Postal Ballot Process Overview

The postal ballot process was conducted entirely through electronic voting, facilitated by National Securities Depository Limited (NSDL). The e-voting period commenced on February 13, 2026, at 09:00 a.m. and concluded on March 14, 2026, at 5:00 p.m. Ms. Pammy Jaiswal, Partner at Vinod Kothari & Company, Practising Company Secretaries, served as the scrutinizer for the entire process.

Process Details: Information
Record Date: February 6, 2026
Total Shareholders: 35,610
E-voting Period: February 13 - March 14, 2026
Scrutinizer: Ms. Pammy Jaiswal (Vinod Kothari & Company)
Total Votes Polled: 2,068,390
Voting Percentage: 3.16% of outstanding shares

Resolution Results and Approval Rates

All five resolutions achieved remarkable approval rates, with each receiving between 99.8474% and 99.8475% votes in favor. The resolutions covered various material related party transactions involving the company and its subsidiaries.

Resolution: Description Votes in Favor Votes Against Approval Rate
Resolution 1: MINL Limited transactions with Manaksia Steels Limited 2,065,235 3,155 99.8475%
Resolution 2: MINL Limited transactions with Sumo Steels Limited 2,065,235 3,155 99.8475%
Resolution 3: Company transactions with Sumo Steels Limited 2,065,233 3,157 99.8474%
Resolution 4: Company transactions with Manaksia Steels Limited 2,065,235 3,155 99.8475%
Resolution 5: Manaksia Ferro Industries Limited transactions with Manaksia Steels Limited 2,065,235 3,155 99.8475%

Shareholder Participation Analysis

The voting pattern revealed strong institutional support across all resolutions. Public institutions demonstrated complete unanimity with 100% approval rates, while public non-institutional shareholders showed approval rates ranging from 99.7813% to 99.7815%.

Key Voting Statistics:

  • Total Outstanding Shares: 65,534,050
  • Promoter and Promoter Group Shares: 49,105,940 (did not participate in voting)
  • Public Institutional Shares: 761,719 (624,709 votes polled at 82.01% participation)
  • Public Non-Institutional Shares: 15,666,391 (1,443,681 votes polled at 9.22% participation)

Related Party Transaction Framework

The approved resolutions establish the framework for material related party transactions during Financial Year 2026-27. These transactions involve:

  • MINL Limited (wholly-owned subsidiary) conducting business with both Manaksia Steels Limited and Sumo Steels Limited
  • Manaksia Ferro Industries Limited (wholly-owned subsidiary) engaging in transactions with Manaksia Steels Limited
  • Direct company transactions with both Manaksia Steels Limited and Sumo Steels Limited

Regulatory Compliance and Documentation

The postal ballot process was conducted in full compliance with the Companies Act, 2013, and SEBI (Listing Obligations and Disclosure Requirements) Regulations, 2015. The company published mandatory newspaper advertisements on February 13, 2026, in "Ekdin" (Bengali) and "Business Standard" (English).
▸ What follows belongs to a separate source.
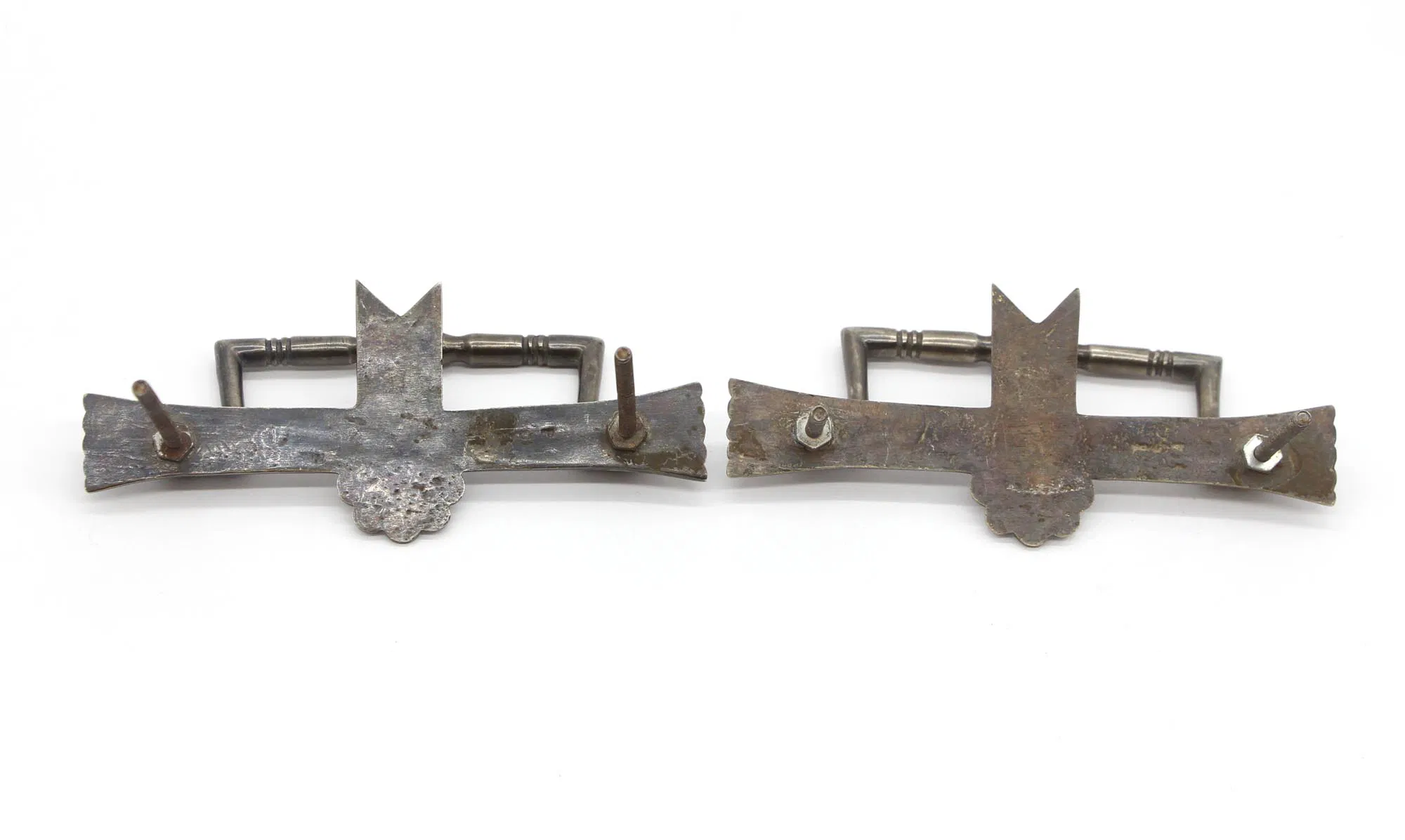 Pair of Mid 20th Century Aesthetic Nickeled Brass Drawer Bail Pulls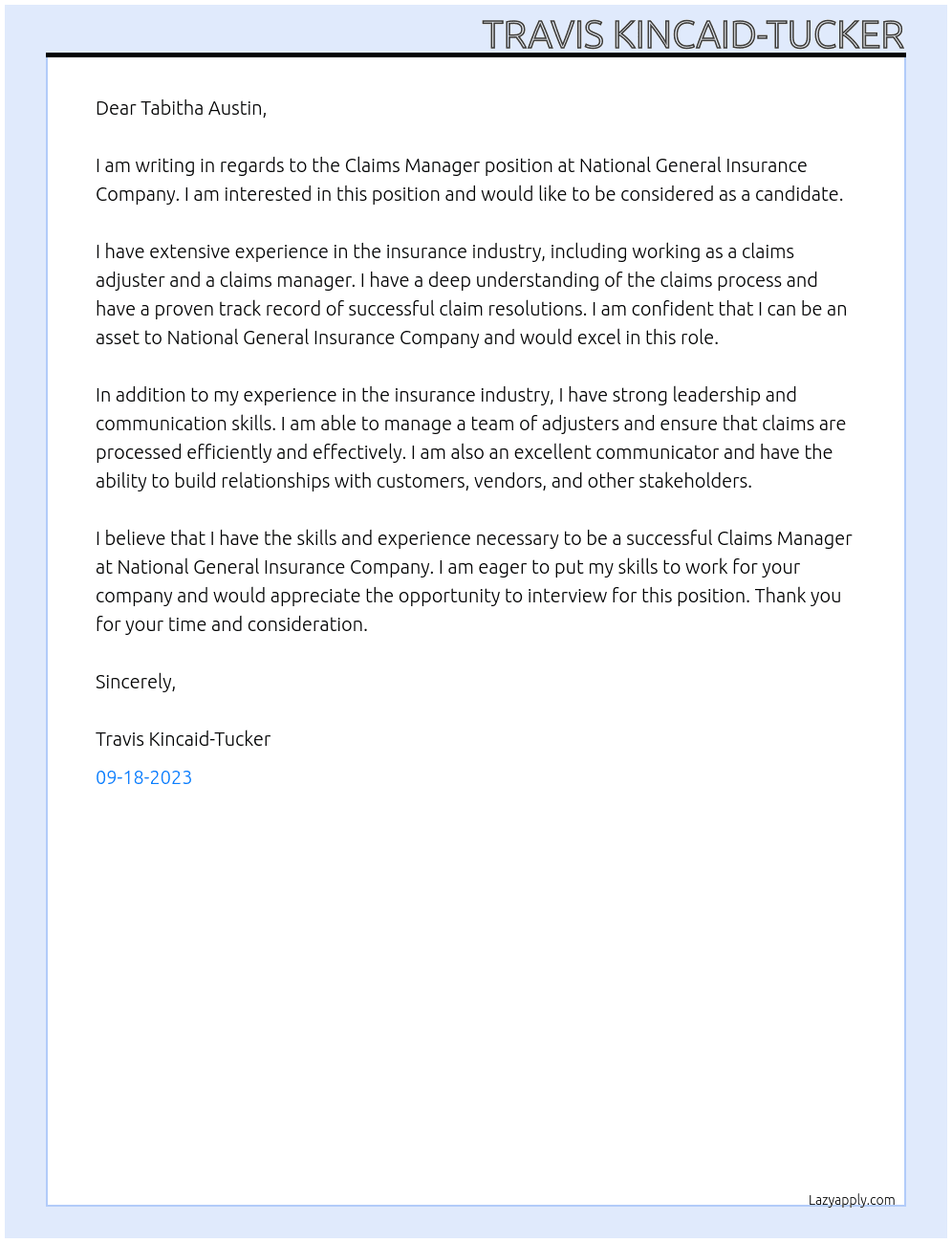 Claims manager At National General Insurance Company Cover Letter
All documentation and voting results have been made available on the company's website at www.manaksia.com and will be submitted to the stock exchanges where the company's shares are listed.

The successful completion of this postal ballot process enables Manaksia Limited and its subsidiaries to proceed with the approved related party transactions, supporting the company's operational and strategic objectives for the upcoming financial year.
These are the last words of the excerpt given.